▶ **Brief**
Output only the lines that run from the line holding "95% ng monkeypox" to the end of the data below, including both ends, without any pictures.

[Source records]
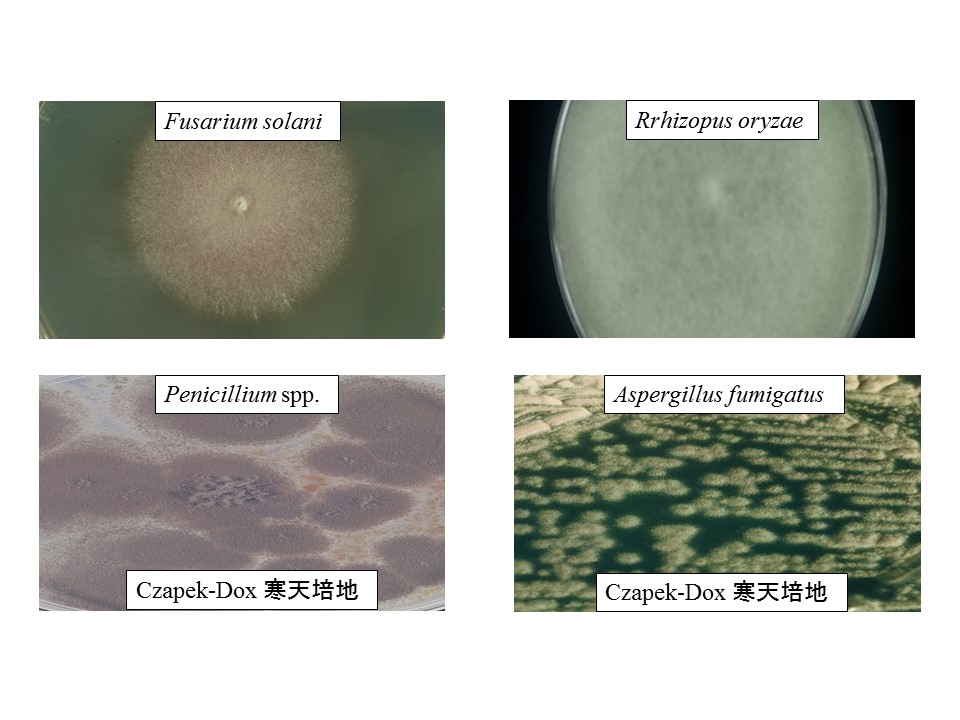 アスペルギルス分生子柄の図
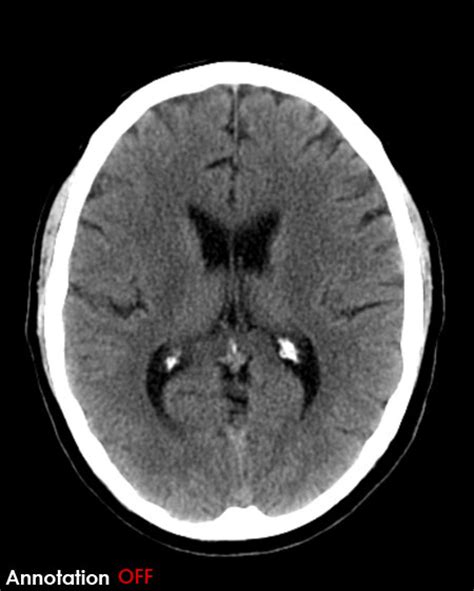 Ventricles Of The Brain Ct Sharedoc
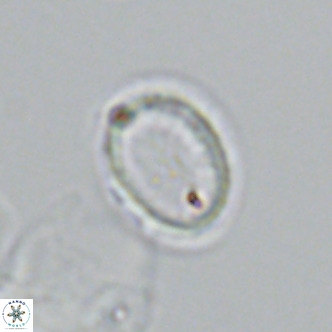 Syracosphaera pulchra VR 10880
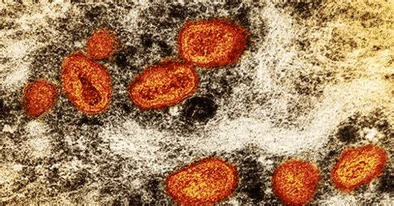 95% ng monkeypox cases sa buong mundo, naihawa sa sexual contact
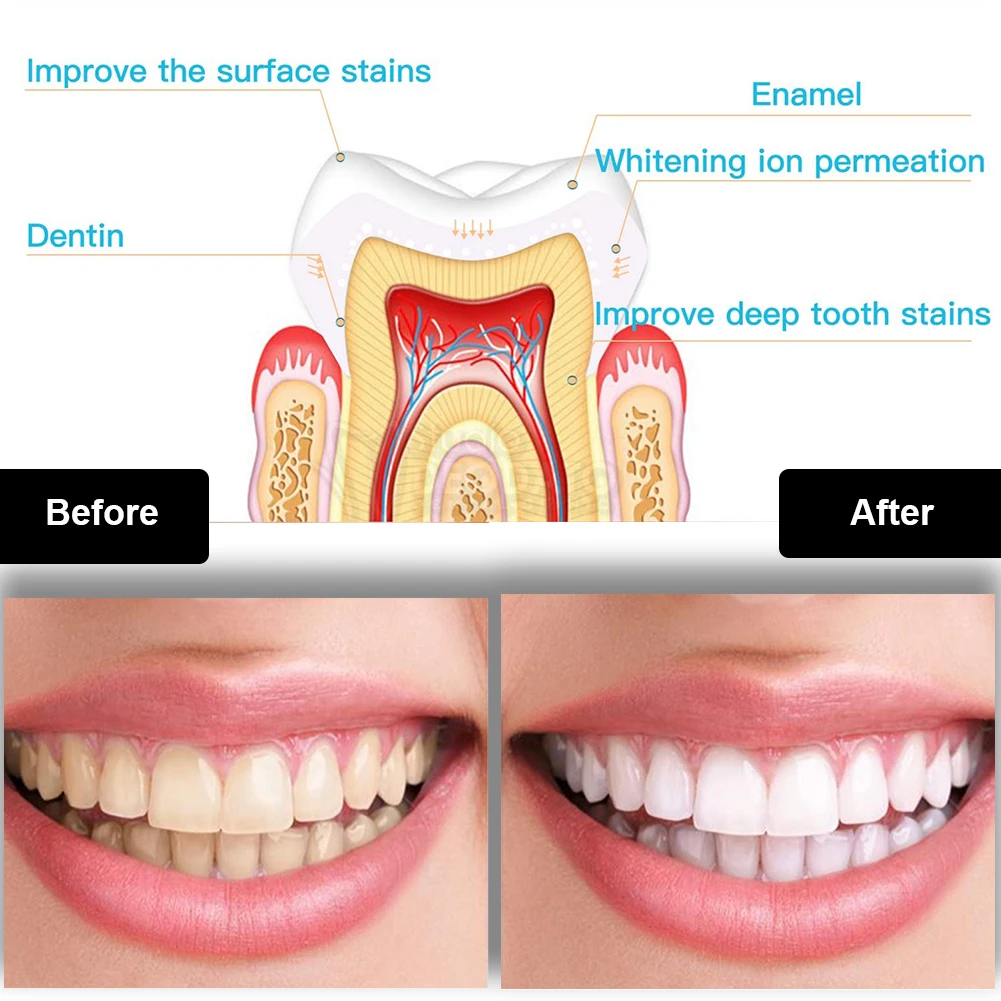 Kit pemutih gigi Mini 16 LED c - Teeth Whitening That Works ulasan dan harga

▶ **Solved exercise**
 95% ng monkeypox cases sa buong mundo, naihawa sa sexual contact
 Kit pemutih gigi Mini 16 LED c - Teeth Whitening That Works ulasan dan harga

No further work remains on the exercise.